--- Description of the task ---
Using the listing below, output only the lines from the one that contains "AiiRZ Pantalones deportivos" through the one that contains "NEW Converse CTAS", inclusive, exactly as given and without images.

--- Data section ---
※

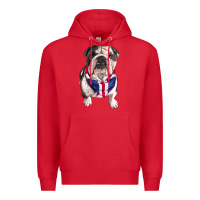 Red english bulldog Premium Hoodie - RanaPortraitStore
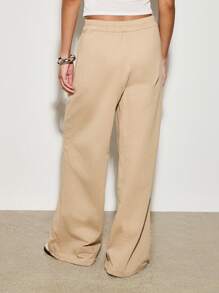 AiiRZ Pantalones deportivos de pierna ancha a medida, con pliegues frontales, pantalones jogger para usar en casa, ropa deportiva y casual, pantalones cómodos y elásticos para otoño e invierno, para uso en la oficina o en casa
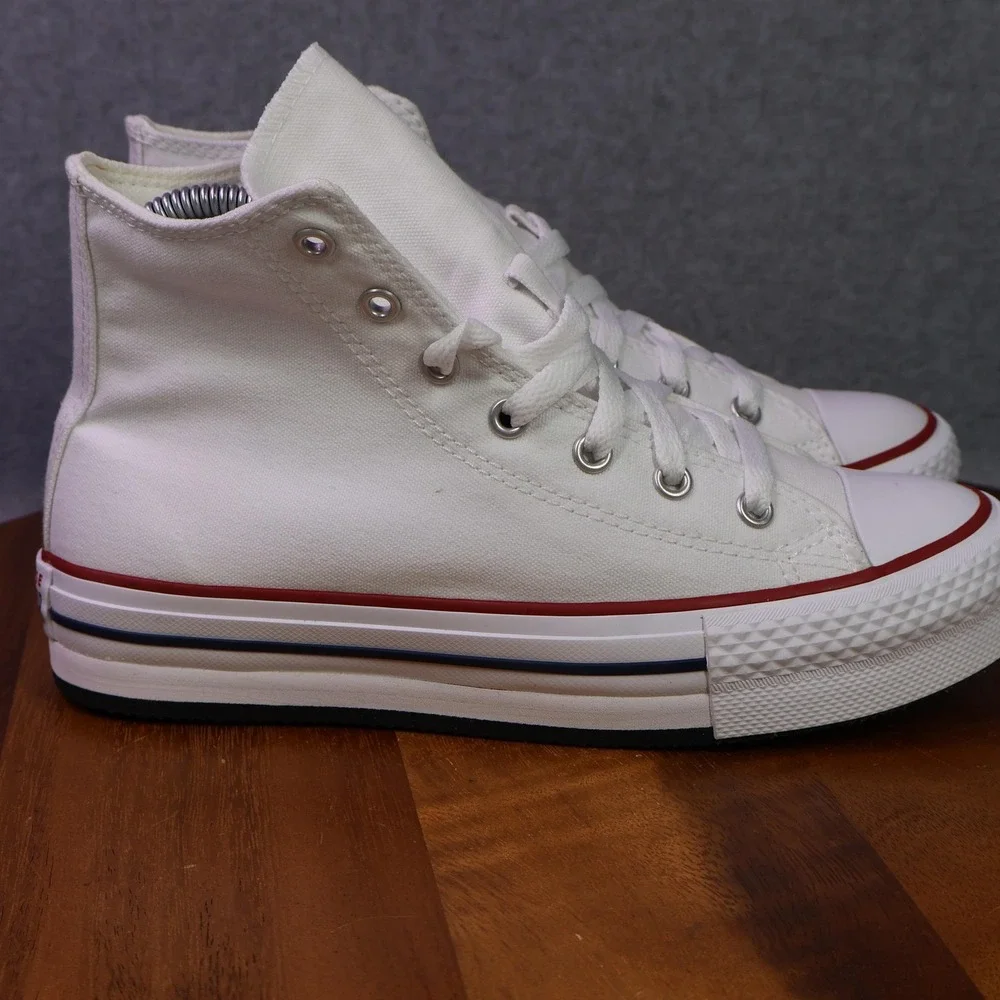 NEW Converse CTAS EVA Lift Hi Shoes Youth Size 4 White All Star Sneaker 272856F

※

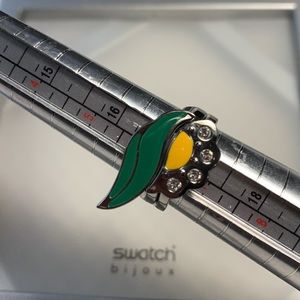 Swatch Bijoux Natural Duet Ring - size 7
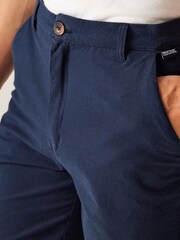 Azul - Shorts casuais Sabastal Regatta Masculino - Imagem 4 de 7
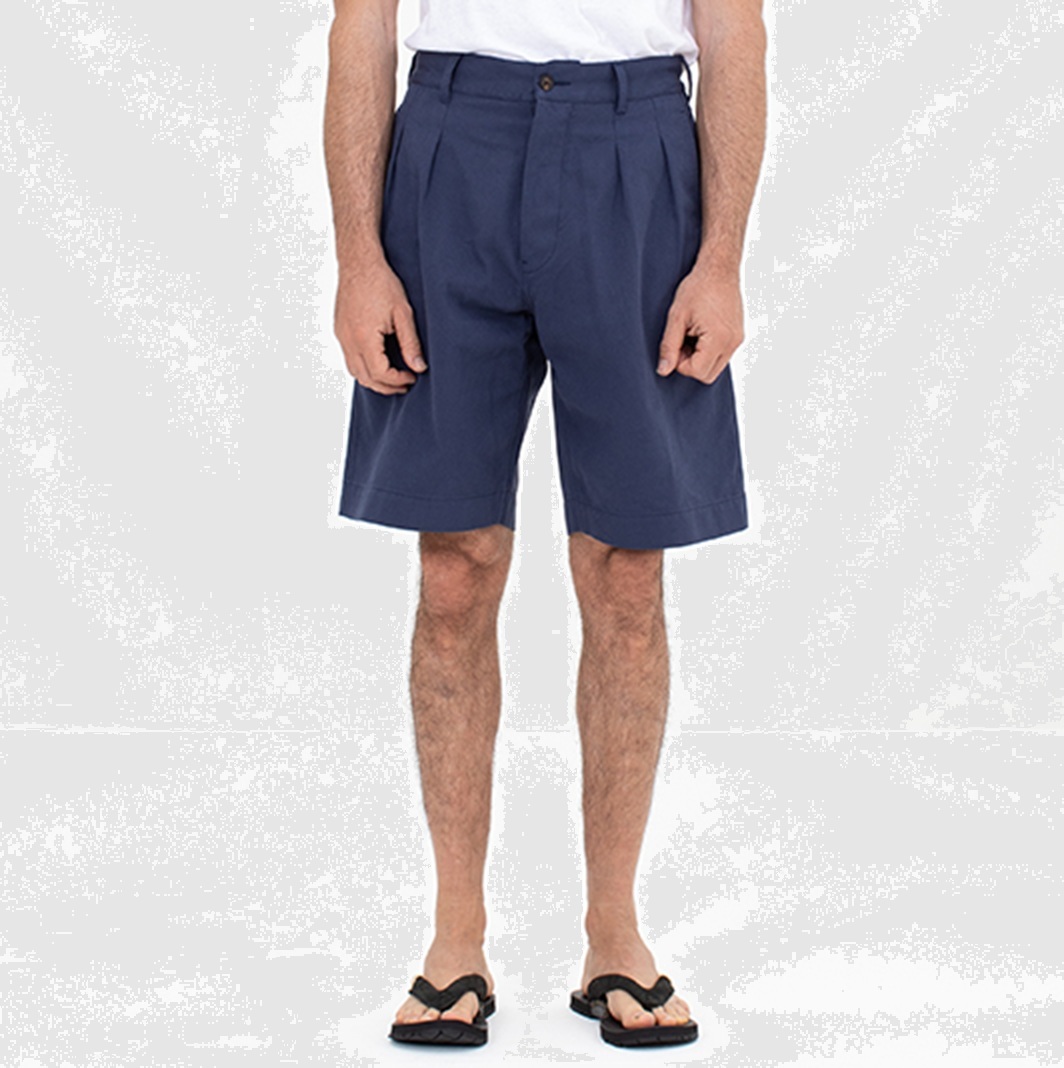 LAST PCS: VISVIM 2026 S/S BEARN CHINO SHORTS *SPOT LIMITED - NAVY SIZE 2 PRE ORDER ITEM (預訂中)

※

--- Result for this exercise ---
 AiiRZ Pantalones deportivos de pierna ancha a medida, con pliegues frontales, pantalones jogger para usar en casa, ropa deportiva y casual, pantalones cómodos y elásticos para otoño e invierno, para uso en la oficina o en casa
 NEW Converse CTAS EVA Lift Hi Shoes Youth Size 4 White All Star Sneaker 272856F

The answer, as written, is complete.